The two-story, 450-seat restaurant and lounge was entirely renovated to evoke the feel of old Hollywood. “We opted for a warm and cozy environment using noble and muted colors,” explains Andres Escobar, president and CEO of Montreal-based Andres Escobar & Associates. “All areas of the restaurant were defined from the beginning. The focus was to completely reconstruct the venue to reflect the elegance of olden times and reclaim a historic Manhattan destination.”
Mahogany-stained birch flooring and wall paneling provide a warm, neutral backdrop, unifying every space. Flush against royal blue microsuede-upholstered walls, a series of oversized burgundy banquettes along two raised platforms flanking the main dining room creates an intimate alternative to the central open-table seating. The platforms feature earth toned carpeting striped in abstract lines to complement the filigree above, while two pieces of contemporary art—custom crafted for Ibis in reference to the Art Deco era—depict black and white cocktail party imagery highlighted in clouds of billowing smoke. Resembling a wedding cake, a titanium pewter chandelier clad in teardrop crystals hangs overhead.
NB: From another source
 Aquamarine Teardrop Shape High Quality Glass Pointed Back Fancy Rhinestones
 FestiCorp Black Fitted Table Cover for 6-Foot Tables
“We raised the two perimeters of the main dining room to make the central area flexible enough to use for private parties,” says Escobar. “Then we paired a classical-style chandelier with crescendo banquettes to give the patrons sitting along the perimeter the impression of being elevated and of importance.”
A grand spiral staircase was added as a literal and visual connection between the first and second floors, with twisted metal poles wrought in a mirror image of the perimeter platform partitions.
During construction, the team found a ceiling in poor condition, with layers of material that had been applied through several renovations over the past 20 years. “To incorporate the sweeping staircase now located between the bar and dining room areas, we had to remove all of the layers making the ceiling substantially lower than what we wanted,” Escobar says, a problem they solved by also relocating the AC system and ducts to the perimeter. The alterations increased the ceiling height on the ground floor and mezzanine levels from eight to 10 feet tall.
The only space to retain its original ceiling is that in the main dining room. “We used Art Deco motifs and faux finish to emphasize it,” Escobar says. “The mission was to bring the venue’s history to life. It used to feature a large stage where famous performers would entertain during the heyday of theater.” Where the stage used to be, a private dining room now sits separated from the main dining area by a glass and metal wall with integrated shelving lined with wine bottles.
“It was our goal to restore Ibis to reflect the essence and glamour of the 1920s opera house it once was,” Escobar says. “Now when you enter the space, it is like no other.”